As this problem is academic in nature, you should show us your attempted solutions, and we can comment on them.
0

Author Comment

Ok no problem these are practice problems from last years test , its not like i want someone to do my homework,but I appreciate where you're coming from

This is my understanding for first problem, i went through this with tutor was really looking for another way of fully realising it

n+n = O(n )
n+m = O(n )
n*m = O(n^2)

For 2nd problem i put n through a serious of values from 1 through 4,

The first two loops are actions that introduce new variables. The third loop is a logical check and adds no variable

When putting values for n from 1 to 4, there is an arithimetic series developing

The formula for arithmetic series is: n(n+1)/2

i.e. (n^2 + n) / 2

For a big oh, calculation, we reduce an equation down to its largest increasing component i.e. n^2.

=> O(n^2) ANSWER

I was really looking for an alternative way to understand so I can approach any big oh question with confidence, If i get that i will award full marks , as i said these are practice questions for this week and our lecturer can be very creative, examples with walkthroughs would be great

0

LVL 4

Accepted Solution

QCD earned 500 total points
Let's start by going over what the purpose of Big-O notation is, because I've seen entirely too many computer science classes where they explain the mechanics of it without really explaining why this is a useful tool.

The purpose of Big-O notation (and analysis) is to answer the question: When n gets big, how do my resource requirements grow?

The resource here can be time, it could be space (memory), or something else entirely if you want.  Usually, we talk about time and space.

Let me emphasize the focus on the growth of your resource requirements when n gets big, because this is why in this type of analysis, we freely ignore certain things, but not other things (which can be a source of confusion).  When we are looking at big values of n, only the most significant growth terms become relevant.  For example, if you are looking at n^2 + n, and n is something like a billion, the n^2 term far far outweighs any contribution from the n term.  So Big-O notation does not make any distinction between n^2 + n, and n^2.  Additionally, we are concerned with growth as n gets larger and larger, so things like constant factors also become irrelevant.  We can always gain a factor of 2 speed-up in our program by using a computer that is twice as fast.  If we are concerned about how much more time the algorithm might take between increasing values of n, then our analysis can ignore these constants.  So Big-O notation does not make any distinction between, say, 2*n^2 and n^2.
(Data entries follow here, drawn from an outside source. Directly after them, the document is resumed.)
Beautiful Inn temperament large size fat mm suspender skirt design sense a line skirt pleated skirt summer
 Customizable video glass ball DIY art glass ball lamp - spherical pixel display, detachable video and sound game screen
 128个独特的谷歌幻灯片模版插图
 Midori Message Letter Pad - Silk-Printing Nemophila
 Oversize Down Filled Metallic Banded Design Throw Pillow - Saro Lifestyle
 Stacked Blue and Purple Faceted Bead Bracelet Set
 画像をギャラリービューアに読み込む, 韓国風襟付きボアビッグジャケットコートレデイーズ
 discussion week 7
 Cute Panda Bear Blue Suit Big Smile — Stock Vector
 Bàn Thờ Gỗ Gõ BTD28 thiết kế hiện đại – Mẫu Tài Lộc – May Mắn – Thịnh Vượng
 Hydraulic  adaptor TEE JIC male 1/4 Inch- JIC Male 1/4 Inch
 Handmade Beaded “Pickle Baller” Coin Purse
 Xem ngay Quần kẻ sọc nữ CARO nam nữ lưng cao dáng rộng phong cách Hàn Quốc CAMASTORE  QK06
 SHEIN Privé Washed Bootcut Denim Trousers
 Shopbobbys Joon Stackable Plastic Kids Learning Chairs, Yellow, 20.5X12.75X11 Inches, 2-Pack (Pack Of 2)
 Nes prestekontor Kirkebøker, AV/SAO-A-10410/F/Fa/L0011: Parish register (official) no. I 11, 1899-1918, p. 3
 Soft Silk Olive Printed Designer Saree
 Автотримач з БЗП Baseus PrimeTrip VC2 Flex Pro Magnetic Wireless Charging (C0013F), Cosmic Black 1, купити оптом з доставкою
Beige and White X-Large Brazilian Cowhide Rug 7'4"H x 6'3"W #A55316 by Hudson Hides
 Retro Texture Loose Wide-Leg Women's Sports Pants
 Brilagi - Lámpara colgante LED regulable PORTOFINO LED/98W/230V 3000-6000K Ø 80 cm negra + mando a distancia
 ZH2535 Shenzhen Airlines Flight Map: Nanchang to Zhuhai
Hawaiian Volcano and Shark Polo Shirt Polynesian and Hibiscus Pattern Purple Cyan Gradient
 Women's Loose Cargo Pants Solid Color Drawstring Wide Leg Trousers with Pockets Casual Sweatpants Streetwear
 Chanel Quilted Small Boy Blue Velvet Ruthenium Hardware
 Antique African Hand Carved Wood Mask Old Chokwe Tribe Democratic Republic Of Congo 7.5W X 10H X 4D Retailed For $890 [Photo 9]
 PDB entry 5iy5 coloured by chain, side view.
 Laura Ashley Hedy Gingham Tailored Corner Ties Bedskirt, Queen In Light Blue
These two guidelines are the basis of most of your "reduction" rules.
0

LVL 32

Expert Comment

For ii and iii, what assumptions are you making about m?
n+m = O(n )
n*m = O(n^2)
Are these the complete and unqualified answers given in last year's tests?

For 2nd problem, what if you start with n = 100, and then consider doubling to n = 200.

>> The third loop is a logical check and adds no variable
Does this means that you can discard the third loop because there is no increase in the operations associated with this loop?
0

Author Comment

Hi Phoffric,

Yes those were the answers for ii and iii, they were the answers given, just that addition was different to multiplication, in terms of Big Oh,

I dont know if you can discard the third loop,

As i said I have an exam which features on a module I'm doing, I work as a server support etc, I'm not a programmer, hence me asking on this forum, any walkthrough would be great
0

LVL 32

Expert Comment

>> (iii) Multiplying an n-digit number by an m-digit number
So, there were no qualifying remarks about 'm', and the answer did not have 'm' in it. In that case, maybe 'm' is a constant?? If so, suppose n = 100 and m = 2. Then there are 200 multiplies using pencil and paper. Then there are about 200 additions (i.e., a total of 200 x and 200 + operations).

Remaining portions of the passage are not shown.